Kritik an der App ist allerdings ernst zu nehmen. Missbrauch ist möglich, auch wenn Gründer Benjamin Hadrigan im Herbst behauptete, dieser sei ausgeschlossen, da "alle Personen, die mit Schule zu tun haben, verantwortungsvolle Menschen" seien. Das ist eine Verallgemeinerung und Annahme, die in Zeiten von Shitstorms, Lehrerbashing und Online-Mobbing völlig haltlos ist. Wie verantwortungslos manche – darunter wohl auch Lehrkräfte – agieren, konnte Hadrigan selbst feststellen, als er beim ersten Versuch der App mit Hass-E-Mails bombardiert wurde. Weiters besteht die Gefahr von unsachlichen, völlig subjektiven und beliebigen Urteilen, die etwa nur die eigene Befindlichkeit nach einer Schularbeit oder die Wut über eine Note wiedergeben. Jede Person hätte in der ursprünglichen Fassung irgendeine Lehrperson bewerten können, auch Außenstehende. Wie kann sichergestellt werden, dass die Schülerinnen und Schüler, die eine Bewertung abgeben, tatsächlich in die jeweilige Schule gehen? Denn die App hat mit Bewertung zu tun, nicht mit Feedback. Schließlich bleibt die Frage des Cui bono: Wer profitiert von der App in finanzieller Hinsicht?
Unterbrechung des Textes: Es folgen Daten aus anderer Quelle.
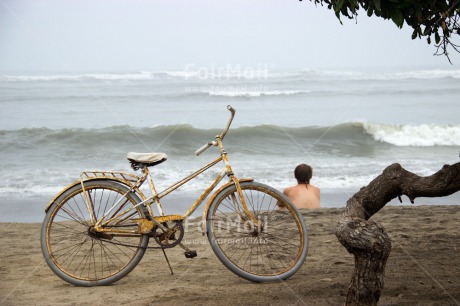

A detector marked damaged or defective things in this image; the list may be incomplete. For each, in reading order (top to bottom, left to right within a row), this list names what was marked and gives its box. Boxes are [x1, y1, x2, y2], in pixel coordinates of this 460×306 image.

rusty yellow bicycle [41, 106, 310, 286]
Spätestens seit John Hatties Studie "Visible Learning" ist offenkundig, dass ein ganz zentraler, vielleicht der zentrale Faktor für schulischen Lernerfolg die Lehrperson und die Qualität ihres Unterrichts darstellt. "What teachers do matters" – die Frage der Schulorganisation, der Ausstattung oder des Benotungssystems ist sekundär. Eine konstruktive Feedbackkultur kann mit relativ wenig Aufwand dazu beitragen, genau diese Unterrichtsqualität zu verbessern. Die Frage ist allerdings, ob eine App dafür das geeignete Instrumentarium darstellt.

Differenziertere Bewertung

Onlinefragebögen gibt es schon jetzt, etwa QIBB (Qualitätsinitiative Berufsbildung) oder SQA (Schulqualität Allgemeinbildung). Für sinnvoll halte ich eine verpflichtende Evaluation und Feedback für alle Lehrkräfte – mit Einsicht für Schulleitung, Personalvertretung und klaren Konsequenzen wie verpflichtender Supervision, wenn die Evaluation über drei Jahre hindurch "suboptimal" ausfällt. Für die App wünschte ich mir Bewertungskriterien, die differenzierter ausfallen als in der ersten Version. Erst dann gäbe es wenigstens in Ansätzen die Möglichkeit, den eigenen Unterricht zu verbessern.

Aus dem Ministerium, wo man schon vor 20 Jahren Maßnahmen hätte setzen können, ist unterdessen zu hören, dass an einer Weiterentwicklung der bisherigen Qualitätssicherungsverfahren gearbeitet werde. Die Meldungen klingen für mich nach: "Wir wollen etwas tun, wissen aber nicht genau, was, und fürchten den Konflikt mit der Gewerkschaft – der ist vorprogrammiert –, sind aber an Synergieeffekten interessiert. Jedenfalls in ein paar Jahren." Hadrigan und sein Team wirken da effizienter. (Georg Cavallar, 24.2.2020)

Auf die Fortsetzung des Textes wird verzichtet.